The discussion revolves heavily around the disappearance of low-cost, shared-living housing options like Single Room Occupancy (SRO) buildings and boarding houses, and the complex factors contributing to this decline.
Here are the three most prevalent themes:
1. Decline and Difficulty in Sustaining Low-Cost Communal Housing (SROs)
A core theme is the lament over the loss of extremely cheap historical housing models and the difficulty landlords face in operating them today, often due to regulatory environments.
- Supporting Quote: A user mourned the loss of these affordable housing types, stating, "That is the sad thing, in the City I grew up in, we had a few large 'one room' rental buildings were people shared a bathroom that were rather cheap. But those started disappearing in the late 90s. Now, none are left :(" ("jmclnx").
- Supporting Quote: Another user highlighted the operational challenge posed by modern tenant protections: "These kinds of housing are not compatible with current tenant laws. In order to cover this zone of the market you need the ability to boot bad actors. If you can’t do that, you get massive adverse selection..." ("renewiltord").

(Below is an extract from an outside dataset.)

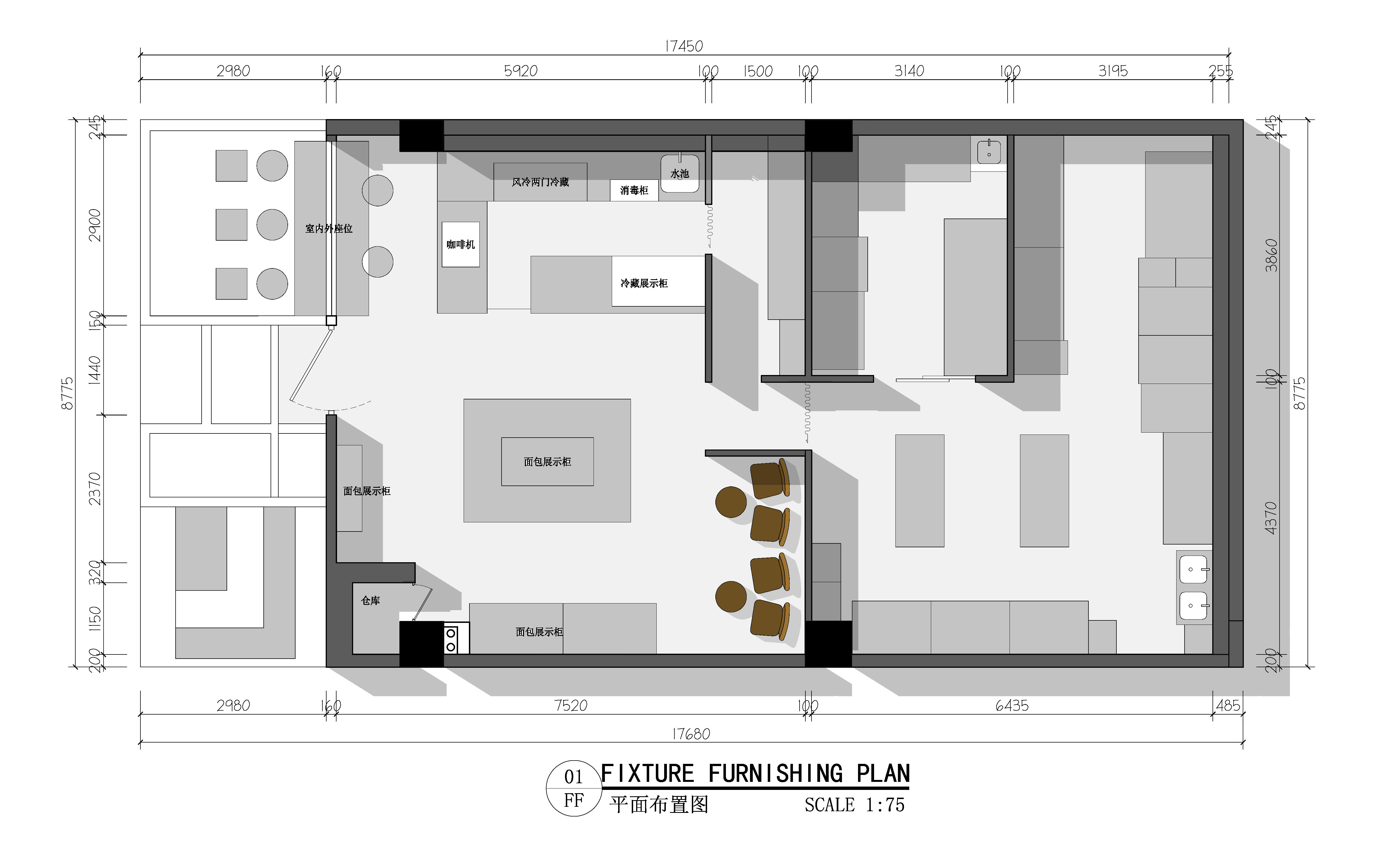 平米烘焙面包平面布置图_施工图CAD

2. The Role of Regulation and Zoning in Housing Scarcity
Many participants pointed to local zoning, modern building codes, and expansive tenant rights laws as primary culprits, arguing these regulations inadvertently (or intentionally) make building and maintaining low-cost density financially unviable or illegal.
- Supporting Quote: One user directly blamed zoning politics, stating, "This is why zoning should never have been made a local question. People who want to live in the area but can't because it is unaffordable don't get a vote, and the exclusionary communities become self-reinforcing." ("roguecoder").
- Supporting Quote: Another summarized this regulatory effect: "The market solved the problem, regulations killed the solution and now we have a bigger and worse problem." ("brightball").
3. Trade-offs Between Low-Cost Housing and Social Issues (Mental Health/Substance Abuse)
There is significant debate regarding whether modern social problems, such as increased drug use and mental illness, make the historical SRO model fundamentally unworkable today, even if housing were available.
- Supporting Quote: Concerns were raised about managing communal spaces with volatile populations: "I can’t imagine what it would look like today with a communal kitchen shared by strangers paying $231 inflation-adjusted dollars per month to be there." ("jancsika").
- Supporting Quote: Conversely, others argue that the alternative—street homelessness—is worse, and that SROs offer a necessary first step: "If the options are 'people have conflict over who cleans the kitchen' and 'rampant street misery' the decision is obvious, at least to me." ("hamdingers").